EXTRACTED RECORDS:
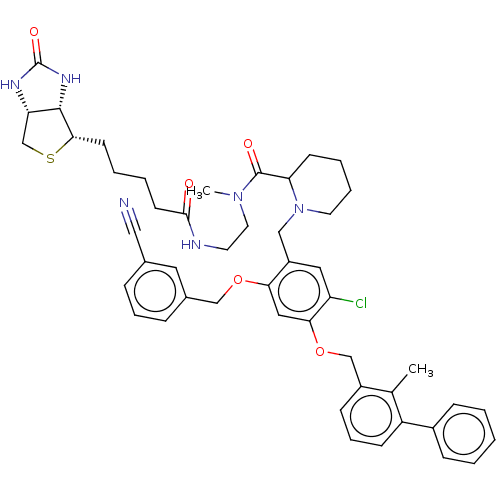Chemical structure of BindingDB Monomer ID 50624362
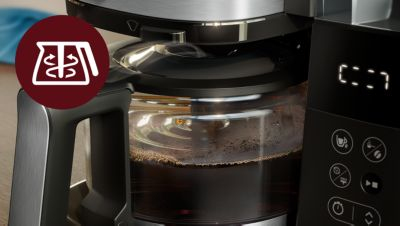 Aroma-Twister für ein besseres Geschmackserlebnis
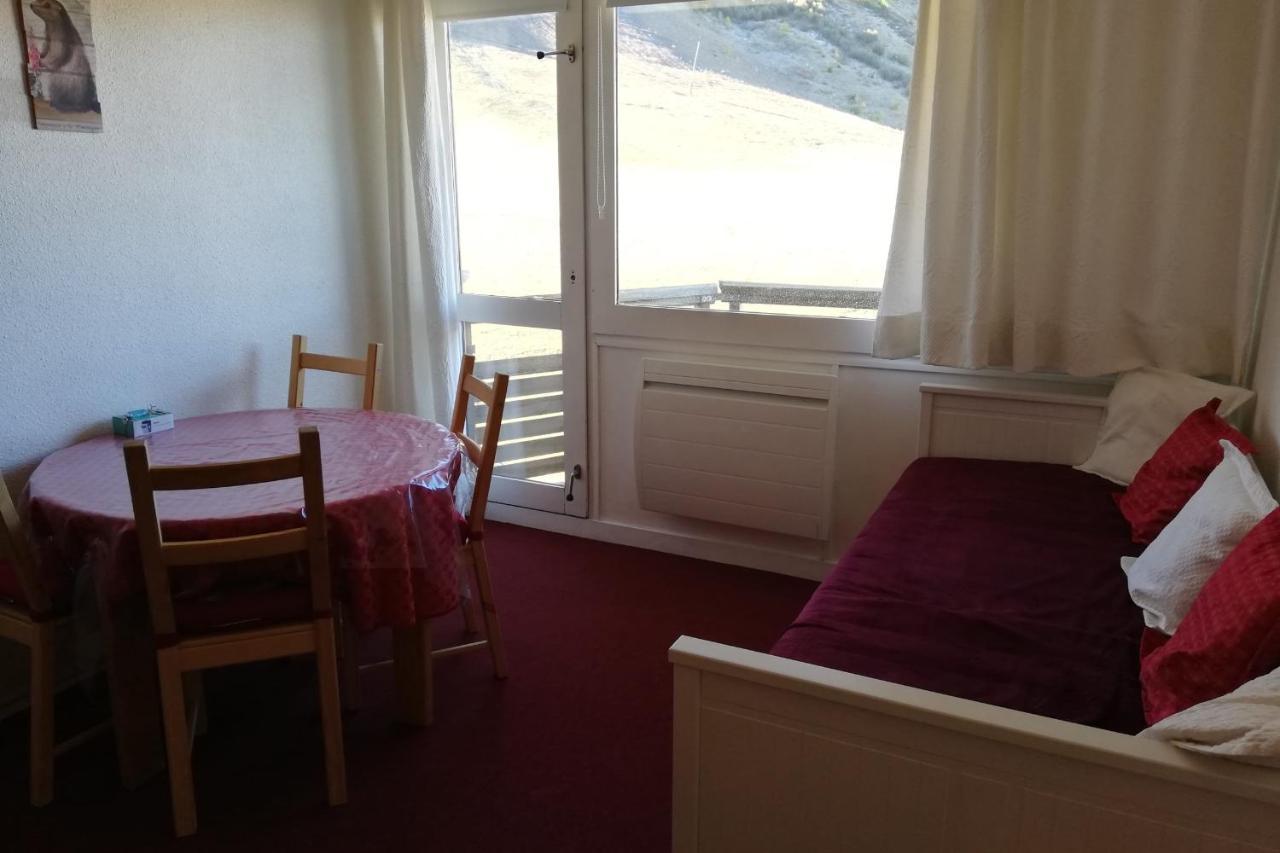 Comfortable Studio In Aime La Plagne Eksteriør bilde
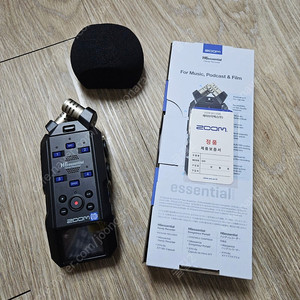 ZOOM H6 ESSENTIAL
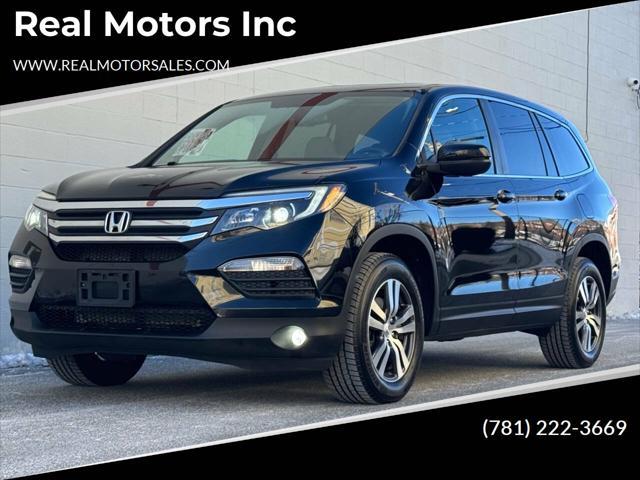 used 2016 Honda Pilot car, priced at $13,500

TASK DIRECTIONS:
Everything from the line that contains "Comfortable Studio In" through the final line of the material should be returned exactly, except the pictures.

WRITTEN SOLUTION:
 Comfortable Studio In Aime La Plagne Eksteriør bilde
 ZOOM H6 ESSENTIAL
 used 2016 Honda Pilot car, priced at $13,500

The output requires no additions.